World Series Rays Phillies Baseball

World series: how well does it travel?

It’s funny how American teams always seem to win the World Series . The competition in global investment banking may be a little more international, but the apparent world domination by US investment banks might be equally misleading. Perhaps the US banks will find out that, a little like their home-grown sports, they don’t travel so well.

That sounds absurd when you consider how the big Wall Street banks flattened their European competitors in investment banking last year. They filled the top five slots in the ranking of global investment banking fees for the first time since 2009 and their combined market share of 34% reached its highest level since before the financial crisis, according to Dealogic. The top five European banks could scarcely muster 20% between them (as per this chart):

Top 20 Global

In their home market, the big five US banks took the top five slots as well and in Europe they hammered the local competition, filling five of the top eight slots with their highest market share in a decade.

It looks like what a US banker might call a “shutout”, an American word for a “clean sheet” in football, or possibly a “slam dunk”. Whatever you call it, US banks appear to be tightening their grip on the world of investment banking as, one by one, their European rivals are forced to retire hurt.

But the closer you look, the less convincing this global domination becomes: once you strip away the huge in-built home advantage that US banks enjoy they seem far less confident playing away from home. In fact, on away form, it’s the Europeans banks that are punching above their weight. This poses presents both a threat and an opportunity to US and European banks alike.

Home sweet home

A huge part of the US banks’ global success is their dominance of their own very large backyard.

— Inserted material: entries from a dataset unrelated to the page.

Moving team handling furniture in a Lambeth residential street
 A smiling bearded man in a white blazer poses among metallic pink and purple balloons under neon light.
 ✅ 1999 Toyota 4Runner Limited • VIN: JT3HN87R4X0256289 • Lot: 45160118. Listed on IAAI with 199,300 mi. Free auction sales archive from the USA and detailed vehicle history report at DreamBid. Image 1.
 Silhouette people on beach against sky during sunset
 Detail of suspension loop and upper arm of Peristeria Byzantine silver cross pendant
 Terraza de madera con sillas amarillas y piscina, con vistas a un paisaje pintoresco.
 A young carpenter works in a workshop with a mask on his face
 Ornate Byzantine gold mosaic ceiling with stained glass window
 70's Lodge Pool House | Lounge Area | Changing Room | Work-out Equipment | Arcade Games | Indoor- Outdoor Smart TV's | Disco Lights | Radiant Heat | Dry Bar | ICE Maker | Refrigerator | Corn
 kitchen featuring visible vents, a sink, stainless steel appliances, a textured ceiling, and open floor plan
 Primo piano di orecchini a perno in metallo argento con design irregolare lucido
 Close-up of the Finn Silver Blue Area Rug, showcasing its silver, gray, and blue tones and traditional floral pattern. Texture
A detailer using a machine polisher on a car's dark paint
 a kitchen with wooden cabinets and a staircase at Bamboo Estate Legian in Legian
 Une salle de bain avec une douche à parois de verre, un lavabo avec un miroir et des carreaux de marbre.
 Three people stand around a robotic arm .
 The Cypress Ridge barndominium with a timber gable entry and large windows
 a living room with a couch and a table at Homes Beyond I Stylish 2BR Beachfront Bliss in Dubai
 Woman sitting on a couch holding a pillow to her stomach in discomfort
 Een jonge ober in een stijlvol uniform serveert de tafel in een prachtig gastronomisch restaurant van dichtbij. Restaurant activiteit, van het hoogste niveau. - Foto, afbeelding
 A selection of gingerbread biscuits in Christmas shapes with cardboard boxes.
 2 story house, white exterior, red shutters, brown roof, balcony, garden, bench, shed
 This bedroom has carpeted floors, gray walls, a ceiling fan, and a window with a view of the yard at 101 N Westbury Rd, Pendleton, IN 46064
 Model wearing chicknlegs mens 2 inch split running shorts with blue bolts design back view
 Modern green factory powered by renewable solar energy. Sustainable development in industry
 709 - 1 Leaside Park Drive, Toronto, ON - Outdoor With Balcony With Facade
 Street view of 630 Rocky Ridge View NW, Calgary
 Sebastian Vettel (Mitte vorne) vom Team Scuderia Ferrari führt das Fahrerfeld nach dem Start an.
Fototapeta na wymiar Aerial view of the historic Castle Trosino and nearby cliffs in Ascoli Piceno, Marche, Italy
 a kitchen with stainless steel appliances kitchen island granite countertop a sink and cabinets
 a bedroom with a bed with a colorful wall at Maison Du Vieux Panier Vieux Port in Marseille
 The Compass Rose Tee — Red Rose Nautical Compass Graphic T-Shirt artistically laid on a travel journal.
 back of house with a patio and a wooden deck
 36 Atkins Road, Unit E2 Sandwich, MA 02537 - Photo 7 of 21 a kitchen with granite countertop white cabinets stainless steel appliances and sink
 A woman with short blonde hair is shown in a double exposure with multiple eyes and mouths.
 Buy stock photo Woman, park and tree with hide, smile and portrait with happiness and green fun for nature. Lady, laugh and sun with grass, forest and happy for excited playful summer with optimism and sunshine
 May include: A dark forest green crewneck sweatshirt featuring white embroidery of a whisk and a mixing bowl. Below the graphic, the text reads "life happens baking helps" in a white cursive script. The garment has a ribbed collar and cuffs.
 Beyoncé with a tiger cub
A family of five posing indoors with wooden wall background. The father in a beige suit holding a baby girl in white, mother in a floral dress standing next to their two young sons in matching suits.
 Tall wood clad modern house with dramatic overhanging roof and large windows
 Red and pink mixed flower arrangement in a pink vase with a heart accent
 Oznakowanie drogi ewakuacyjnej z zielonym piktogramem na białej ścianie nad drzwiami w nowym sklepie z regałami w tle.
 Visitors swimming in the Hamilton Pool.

They have a combined market share in the US that is twice that of their European rivals (44% vs 21%) in a market that is twice the size (generating nearly $38bn in fees last year compared with $18bn according to Dealogic).

That’s always going to give you a good headstart. The top five US banks made more than $16bn in investment banking fees in the US last year, or roughly four times as much as the European banks made from fees in Europe.

Playing away

Strip the US numbers out of the picture and you quickly get a sense of how reliant the big Wall Street firms are on their domestic business. On average the big five make little more than of their investment banking revenues outside of the US (ranging from just 27% at Bank of America Merrill Lynch to 43% at Morgan Stanley).

Here’s what happens when you rank the same 20 investment banks by fees earned outside the US:

Top 20 ex US

While JP Morgan is still top of a revised ranking of investment banking fees in the rest of the world with $2.1bn, the Europeans start to fight back: Deutsche Bank leapfrogs its US rivals to second place, just ahead of Goldman Sachs. Credit Suisse, HSBC and UBS all climb the rankings while BAML and Citi are left propping up the top 10.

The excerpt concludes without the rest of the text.